El proyecto común que une ambos Estados afronta un periodo de crisis marcado por la necesidad de ambos líderes de permanecer en el poder. Como derivada de esta pugna han aflorado tensas relaciones comerciales durante este último año, unidas a la instrumentalización de voces nacionalistas por ambas partes. Con la continuidad de sus mandatos en entredicho, Putin y Lukashenko juegan sus cartas para afianzar su posición y consolidar sus intereses geoestratégicos. En este contexto, los dos presidentes se han reunido recientemente en la ciudad rusa de Sochi para abordar el futuro de sus lazos bilaterales.

Tras el colapso de la URSS, Alexandr Lukashenko, que apenas alcanzaba los cuarenta años, aspiraba a liderar un producto político surgido de las cenizas del gigante euroasiático. La aparente tibieza de Boris Yeltsin daba campo al mandatario bielorruso para encabezar el aparato estatal que pretendía ser heredero del legado soviético. Sin embargo, desde la llegada al Kremlin de Vladimir Putin, las aspiraciones de Lukashenko han disminuido considerablemente.

El Tratado de la Unión entre Rusia y Bielorrusia de 1999 constituyó un arma estratégica para Moscú, que contaba con un Estado tapón ante la deriva atlantista de los países centroeuropeos, pocos años antes adscritos a su órbita. Este pacto miraba hacia la integración política y militar, pero fundamentalmente se redujo al terreno comercial. En este escenario, Rusia ha disfrutado de un país satélite comunicado con Polonia y afín a sus intereses frente a Occidente, mientras que Minsk se ha beneficiado de jugosos descuentos arancelarios, especialmente en la importación de hidrocarburos.

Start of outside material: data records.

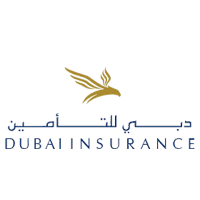 Dubai Insurance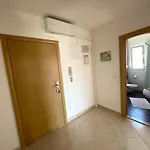 Apartment Braco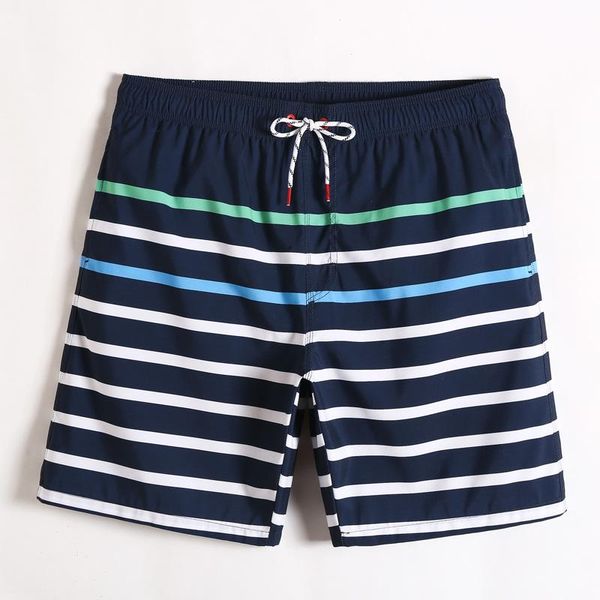 2021 brand mens classic stripe printing beach sports swim surf shorts quick dry swimming trunks male swimsuits
2021 brand mens classic stripe printing beach sports swim surf shorts quick dry swimming trunks male swimsuits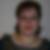 Photo de profil de Sandrine Gervais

Con el desafío de la continuidad muy presente en la agenda política de ambos líderes, tanto Putin como Lukashenko han estirado de la cuerda hacia su propio terreno a lo largo de los últimos meses. La denominada «maniobra fiscal» que Moscú ha emprendido, suprime las ventajas comerciales de las que gozaba el régimen de Minsk, al que el Gobierno ruso reclama más voluntad de integración. Sin embargo, frente al miedo de caer en desgracia, Lukashenko ha abierto la puerta a las voces que claman por el resurgimiento de la identidad nacional bielorrusa, a través del lenguaje y la cultura perdida a causa de una centenaria rusificación.

A pesar de ello, nada apunta a que Vladimir Putin pueda servirse de una presidencia supranacional para salvar el obstáculo de su fin de mandato en 2024. No obstante, el presidente bielorruso transita áreas pantanosas al haber recurrido a elementos prácticamente considerados como enemigos del Estado, para tomar distancia del Kremlin. Lukashenko afronta unos comicios generales en 2020 y su preocupación principal es evitar la bancarrota del país, unida irremediablemente a su popularidad.

Mientras el Gobierno de Vladimir Putin hace lo propio y trata de sanear las cuentas rusas con el mismo fin, la posición de Bielorrusia en el panorama internacional tiende a la neutralidad, como ya se observó en su papel de mediador en los acuerdos de Minsk, para tratar de solucionar el conflicto en Ucrania. Si bien Minsk no parece tener intención de apoyar -al menos a corto plazo- los movimientos de Rusia en el este de Ucrania, Moscú continúa presionando para instalar bases militares, sugiriendo compensaciones a cambio de avances provechosos en el Estado de la Unión.

El declive económico de ambos países urge a las dos administraciones a buscar fórmulas que revitalicen sus mandatos. Rusia, por su parte, mantiene varios frentes abiertos y dispone de un mayor espacio para actuar, pero Bielorrusia se debate entre ceder ante las imposiciones del Kremlin o dejarse seducir por la Unión Europea. Precisamente, Bruselas ha mantenido una política de sanciones hacia Minsk con objeto de castigar sus severas deficiencias democráticas, aunque tiende puentes ante cualquier gesto de acercamiento, tal y como reclama un importante sector de la sociedad civil bielorrusa.

La pasada semana se produjo una multitudinaria manifestación en Bielorrusia en favor de la soberanía nacional, en la que cientos de asistentes exigieron medidas al Gobierno. En línea con esta demanda pública, Lukashenko se ha mostrado reacio a suscribir en Sochi, o en el futuro, cualquier acuerdo que menoscabe la independencia de su país. Por su parte, la actitud de Moscú tampoco ha variado, materializando la ya pactada venta de una partida de aviones de combate a Minsk a un precio poco amistoso.

La ambigüedad del discurso oficial bielorruso respecto a los últimos movimientos de Rusia no ha facilitado el incremento de la integración que exige el Kremlin. Como castigo a esta actitud, el Gobierno de Vladimir Putin mantiene en vigor las imposiciones arancelarias que desplazan la subvención recibida por el régimen de Minsk hasta ahora. De esta manera, las posturas inflexibles de sendos líderes enquistan una disputa que puede alargarse en los próximos años.